The department’s Office of Energy Efficiency and Renewable Energy is required to review appliance standards every six years. But when President Joe Biden took office, the agency had missed legal deadlines for 28 product standards, according to the Appliance Standards Awareness Project. The organization seeks to advance tougher appliance, equipment, and lighting standards.
The administration has a total of 45 standards to work through by the end of its first term in January 2025, deLaski said.
Biden signed an executive order directing federal agencies to consider rolling back or revising Trump-era rules that conflict with his climate objectives. The order instructed agencies to draft a list of actions to be “completed” by Dec. 31, 2021. In February, DOE identified 13 efficiency rules it would review.
The department has followed Biden’s executive order by finalizing eight efficiency rules and published proposals on the remaining five, a DOE spokesperson said in a statement to Bloomberg Law. The agency didn’t make anyone available for an interview.
“The department will continue work with all parties to move these rules through the regulatory process that will provide energy-efficient products that meet consumer needs and help reach our climate goals,” the spokesperson said.
Reducing Household Bills
Six environmental groups, including the Natural Resources Defenses Council, also demanded faster action on rolling back Trump-era energy efficiency standards in a Dec. 17 letter to Energy Secretary Jennifer Granholm.
Timely completion of new and updated efficiency standards for appliances and equipment could reduce annual household utility bills by $100 on average by 2030, with savings increasing to $350 annually by 2050, the groups estimated.
“The benefits of this program are too great for any further delay,” the groups wrote in the letter.
And stronger appliance standards could remove carbon emissions equivalent to at least 13 coal-fired power plants by 2050, the appliance standards group estimated in a report last year.
Some Trump-era standards—like those for dishwashers and shower heads—didn’t come at the behest of manufacturers, who now find some of the Biden administration’s actions welcome or acceptable.
November’s Process Rule changes “largely satisfied” the National Electrical Manufacturers Association, said Alex Boesenberg, the group’s director of regulatory affairs. The final rule eliminated a strict minimum energy savings threshold to set a standard, loosened requirements to use manufacturer-developed testing procedures, and moves to reinstate a negotiation process that could lead to quicker standards.
The department struck an acceptable balance to maintain its internal flexibility,” Boesenberg said.
Others face industry opposition and could prompt pushback.

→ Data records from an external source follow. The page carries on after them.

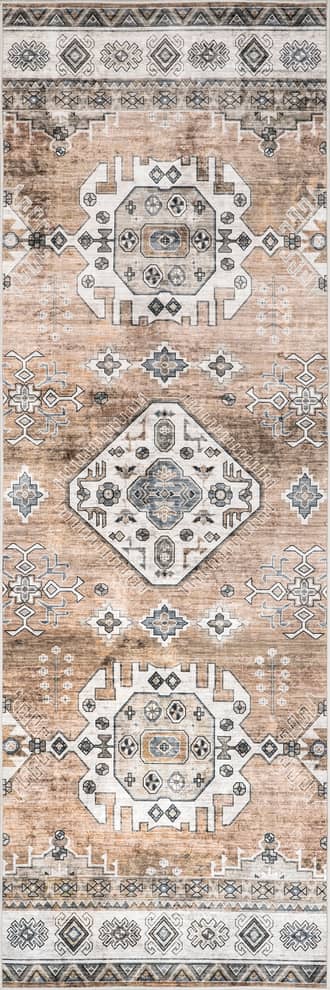 2' 6" x 8' Antoinette Spill Proof Washable Rug primary image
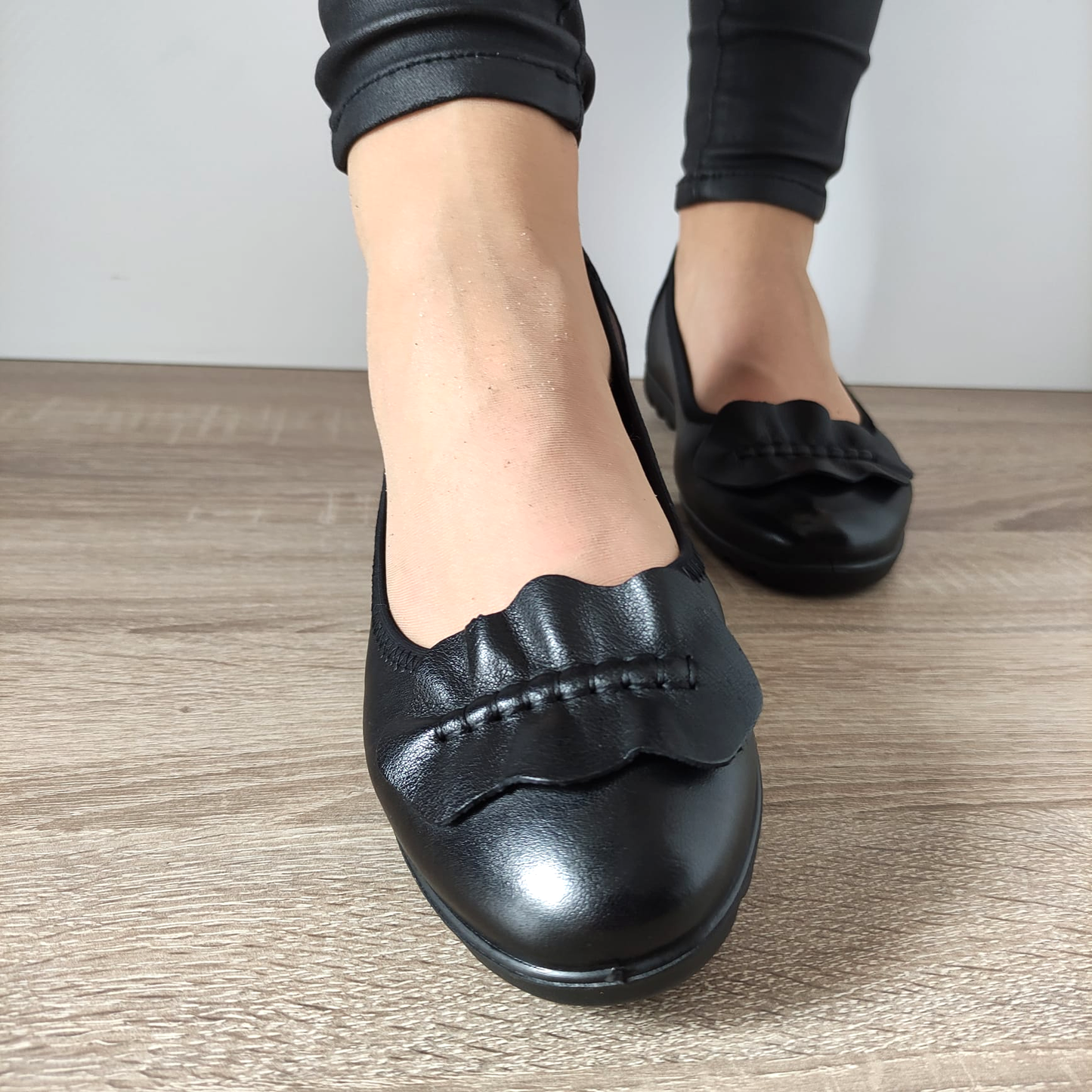 PANTOFI CASUAL DAMA FORMAZIONE 230525 NEGRI - imagine 6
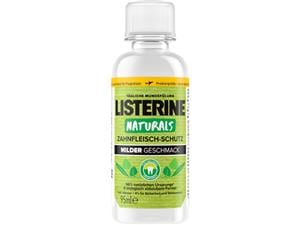 LISTERINE® Naturals Zahnfleisch-Schutz Flaschen 24 x 95 ml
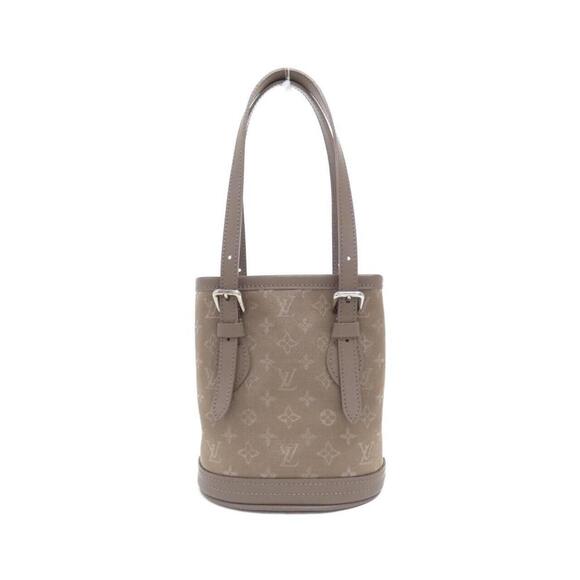 LOUIS VUITTON Beige Monogram Bag - Picture 1 of 5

On Dec. 21, the DOE finalized an action to undo a Trump action in January that withdrew stronger standards for gas furnaces, water heaters, and boilers in homes and commercial buildings. The products are among the highest energy users in many homes and buildings.
The Trump rule followed a petition from the American Gas Association, which represents natural gas delivery companies, and other industry groups.
The Biden rule could cause “significant complications for millions of homes and businesses by limiting their options when they seek to replace furnaces and water heaters, leading to unintended consequences such as lower overall energy efficiency, greater consumer costs and higher greenhouse gas emissions,” the association said in a Dec. 30 statement.
“AGA supports energy efficiency standards that are technologically feasible and economically justified,” the group said, adding that natural gas utilities have invested more than $3.8 million a day in energy efficiency programs.